### What the exercise asks
Your answer must be an exact copy of the data, without any pictures.

Annotated photo localization data
====================
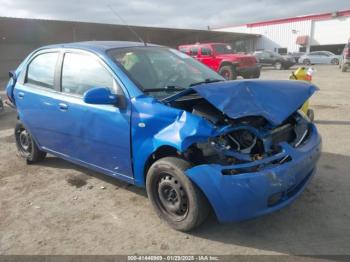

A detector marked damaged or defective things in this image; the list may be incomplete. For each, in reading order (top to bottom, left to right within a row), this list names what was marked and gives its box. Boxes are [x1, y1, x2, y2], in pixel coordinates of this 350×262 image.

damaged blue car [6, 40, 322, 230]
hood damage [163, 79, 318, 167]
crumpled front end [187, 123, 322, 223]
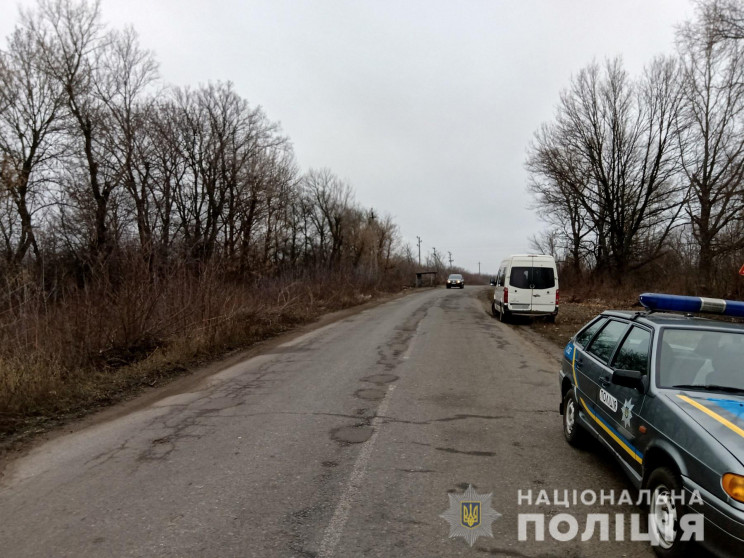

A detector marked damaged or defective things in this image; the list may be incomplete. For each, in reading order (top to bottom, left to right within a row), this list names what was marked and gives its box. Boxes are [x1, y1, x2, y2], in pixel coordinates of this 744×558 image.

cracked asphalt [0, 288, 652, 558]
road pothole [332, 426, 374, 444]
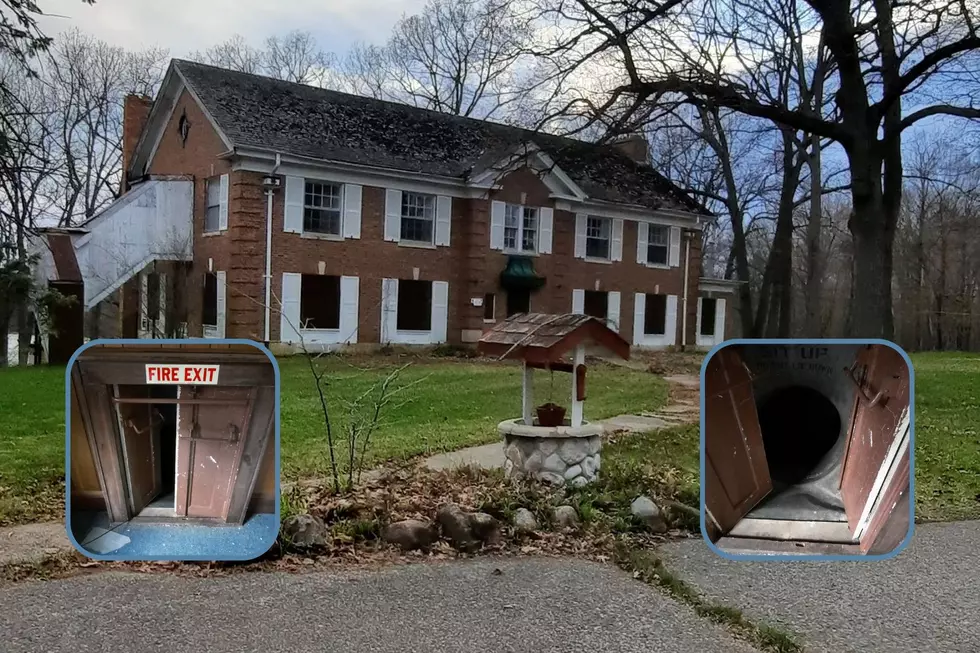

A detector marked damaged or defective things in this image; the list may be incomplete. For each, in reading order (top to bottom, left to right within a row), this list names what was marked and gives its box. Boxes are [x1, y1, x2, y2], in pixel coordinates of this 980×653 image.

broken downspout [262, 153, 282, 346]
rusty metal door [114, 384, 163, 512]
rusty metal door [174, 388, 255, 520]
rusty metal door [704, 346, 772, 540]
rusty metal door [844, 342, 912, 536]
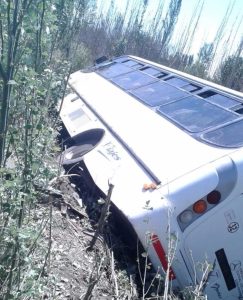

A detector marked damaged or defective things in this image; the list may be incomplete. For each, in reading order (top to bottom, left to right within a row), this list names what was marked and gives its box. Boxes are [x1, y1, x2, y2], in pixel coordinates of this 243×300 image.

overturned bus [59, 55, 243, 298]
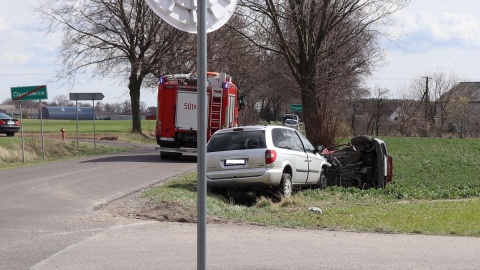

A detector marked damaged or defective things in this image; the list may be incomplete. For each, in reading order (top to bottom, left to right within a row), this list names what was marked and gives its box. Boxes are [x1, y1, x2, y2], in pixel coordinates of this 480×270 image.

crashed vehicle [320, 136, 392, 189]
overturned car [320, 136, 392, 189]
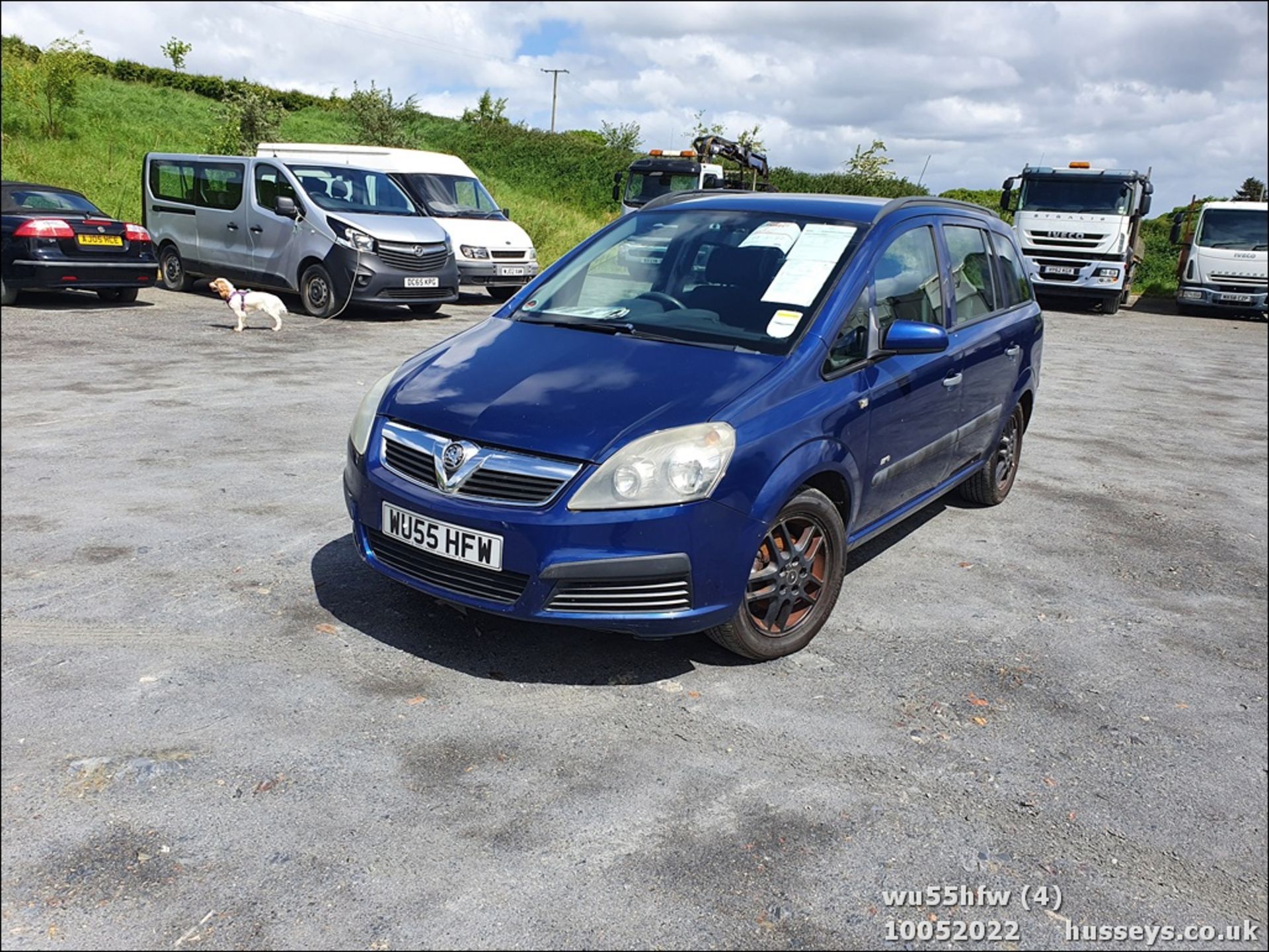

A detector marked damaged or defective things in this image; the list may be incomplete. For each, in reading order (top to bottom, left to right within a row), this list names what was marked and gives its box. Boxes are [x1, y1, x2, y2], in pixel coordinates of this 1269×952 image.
====================
### Task response
A detector marked damaged or defective things in this image; the list may be incomplete. For each, in reading order (top to bottom, left to right within a row), this list names what was marked and gives its box. Boxes are [x1, y1, x2, y2], in pixel coordinates of this 350×262 image.

damaged blue car [6, 40, 322, 230]
hood damage [163, 79, 318, 167]
crumpled front end [187, 123, 322, 223]

A detector marked damaged or defective things in this image; the list may be incomplete. For each, in reading order (top to bottom, left to right within a row), this list names what was marked and gives its box. Boxes are [x1, y1, x2, y2], in pixel coordinates of this 744×558 image.

cracked asphalt [0, 288, 652, 558]
road pothole [332, 426, 374, 444]

A detector marked damaged or defective things in this image; the list may be incomplete. For each, in reading order (top to bottom, left to right within a row), this list names what was marked and gives its box. Boxes are [x1, y1, x2, y2], in pixel coordinates of this 980×653 image.

broken downspout [262, 153, 282, 346]
rusty metal door [114, 384, 163, 512]
rusty metal door [174, 388, 255, 520]
rusty metal door [704, 346, 772, 540]
rusty metal door [844, 342, 912, 536]

A detector marked damaged or defective things in this image; the list may be incomplete. For each, in reading order (top to bottom, left to right within a row), this list names what was marked and gives its box. Boxes are [x1, y1, x2, y2], in pixel coordinates of this 243×300 image.

overturned bus [59, 55, 243, 298]

A detector marked damaged or defective things in this image; the list may be incomplete. For each, in reading order (top to bottom, left to right within a row), this list names what was marked and gives its box. Boxes are [x1, y1, x2, y2], in pixel coordinates of this 480×270 image.

crashed vehicle [320, 136, 392, 189]
overturned car [320, 136, 392, 189]

A detector marked damaged or defective things in this image; the list may be incomplete. For each, in reading order (top to bottom, left to right within a row), this list names what was marked and gives its box. Boxes are [x1, y1, x2, y2], in pixel coordinates of this 1269×952 image.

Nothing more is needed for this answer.